Bloop.
I looked down the steep embankment to the water 10 feet below to see a sulfurous bubble break the surface. The thick carpet of green duckweed parted and then slowly drifted back into place leaving no trace of the pocket of air that had finally percolated through the primordial ooze decaying at the bottom.
I wondered how deep it was. 10 inches? 10 feet?
The trail was narrow and twisting following a natural berm between the St. Johns River on the right and the wetlands to the left, weaving through saw palmetto, cypress and sweetgum. Wetlands. Wet lands. The doublespeak of real estate developers and state agency regulations. More than just a wet land, this was a swamp in the true sense of the word with all the worrisome perils it connotes. It awakens primal fears in your subconscious leaving you with no more courage than a child pulling the covers over his head to guard against monsters under his bed.
The air was thick with humidity and passed through the lungs like warm soup. Even time moves slowly through this environment, lazily. I looked up to see blue skies above the trees, but no light penetrated. This was a dank green tunnel. The black loamy soil was wet and slick from frequent summer thunderstorms and would likely stay that way for weeks to come. Oddly, the ground did not hold a footprint. The only sign of the trail runners ahead of me was the occasional slide in the mud, evidence of a slip toward the water below.

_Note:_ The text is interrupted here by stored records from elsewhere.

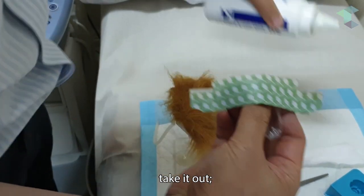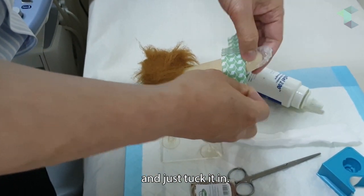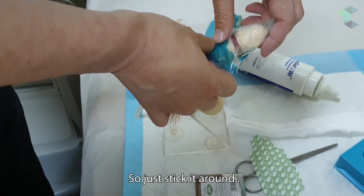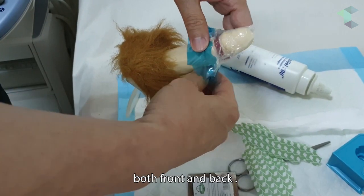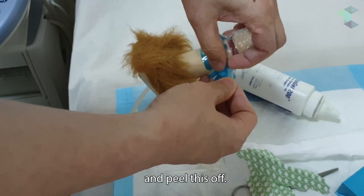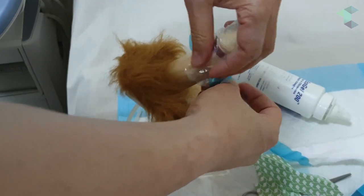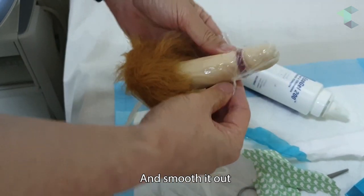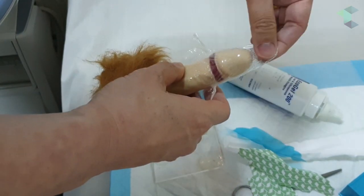Squirt it in, take it out, spread it around, and just tuck it in — we don't have to go all the way. Stick it around both front and back, making sure it sticks on really well, then peel this off. This is a hard peel — remove them and smooth it out so it sticks on quite well.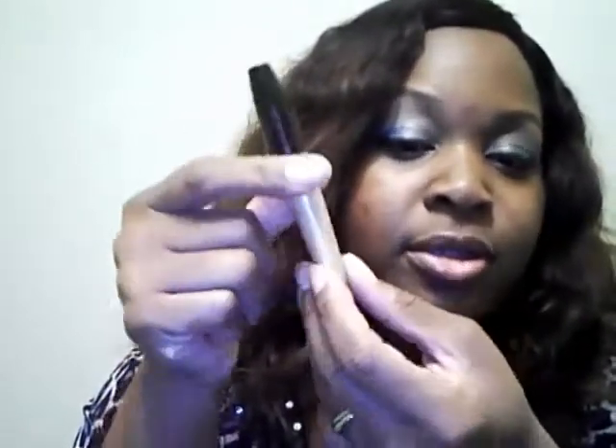My eyeshadow is still in place. I did a gold look — I tried to match my shirt; I've got a couple of blue specks in here from the animal print. I just have a neutral lip gloss on. Earlier I had a bronzy lip gloss, but I decided to use the Mirage lip gloss by Avon.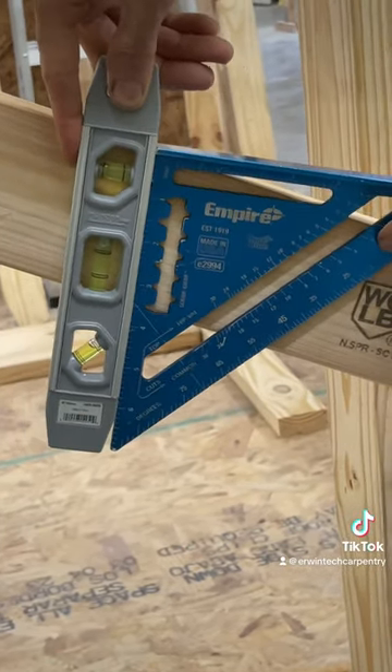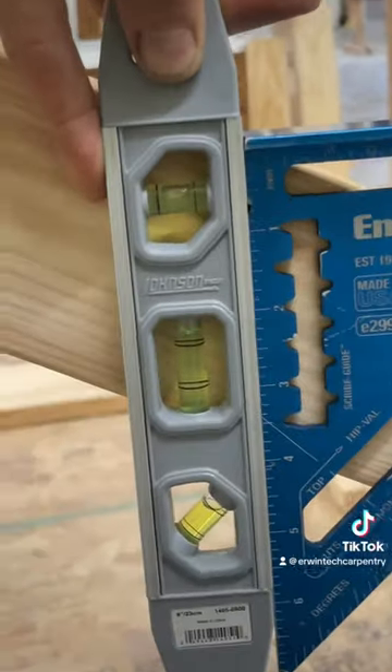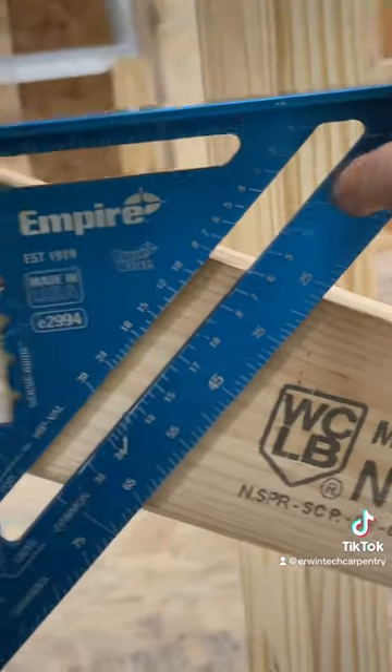If I have to figure it out, throw a torpedo level on there, get that baby nice and plumb, take a look at your common rafters — 6/12, 26 and a half degrees right there.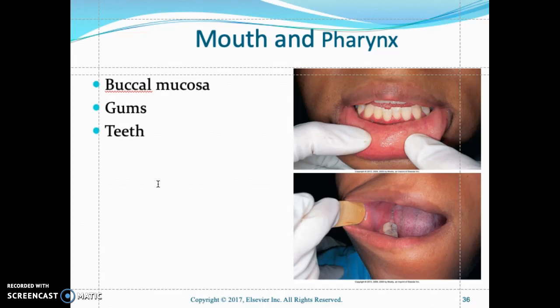The gums should be pink, soft, and moist. The teeth should be white to yellowish; a brownish color indicates tobacco or caffeine use. Ask the patient to open their mouth and check under the tongue for canker sores. Check the teeth for oral hygiene, noting position and alignment. Use a tongue depressor to retract the lips and look for dental caries or cavities.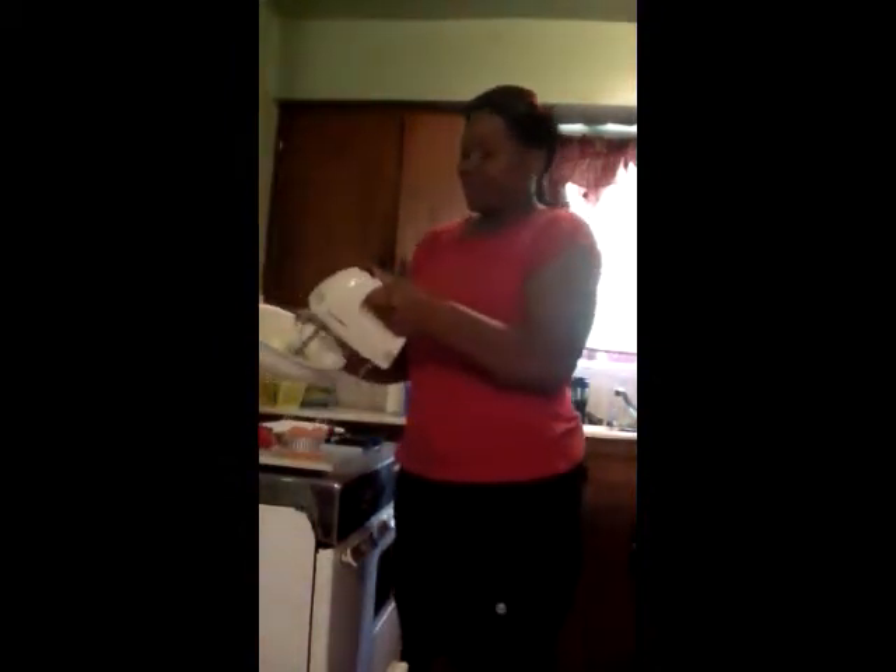Now let's do this delicious ice cream swerve I was telling you about, to go with the cookies on the side. It's going to be a strawberry ice cream swerve. I'm going to use the other half of the Philadelphia cream cheese, add it into the bowl, and add about half a cup of sugar. I'm going to blend this together — just that simple.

Did someone fall in? Maybe I was wrong about that bubble. Maybe it wasn’t the gassing off of decaying detritus but instead the final exhalation of a trail runner trapped in the muck, or locked in a death roll with a 12 foot gator. The duckweed completely obscured the horrors that could be unfolding below.
Maybe that gator was watching me, biding its time, carelessly revealing its presence by allowing a single bubble to escape its nostrils in its excited anticipation.
Buzzing insects. The song of the cicadas. The croaking of the gators. Bird calls. The sound of the swamp is equal parts cacophony and dead silence. The crashing through the palmetto ahead could be a harmless armadillo or a charging hog. The two sounds are nearly indistinguishable and either could be equally as likely. Maybe it was just a rotten tree limb succumbing to the weight of a squirrel and falling on the bushes below. Everything rots here, even as that rot is hidden behind a veneer of lush green.
I stopped for a moment at a bridge crossing to take it all in, spotting a doe on the opposite shore of the stream. More accurately the doe spotted me as it was obvious she had been watching me long before I became aware of her. I crouched down to enjoy the moment. She was comfortable in this environment and showed no fear. I was the oddity. The thing out of place. When she had satisfied her curiosity she calmly walked away, apparently confident that I posed no threat.
It was time for me to move on as well.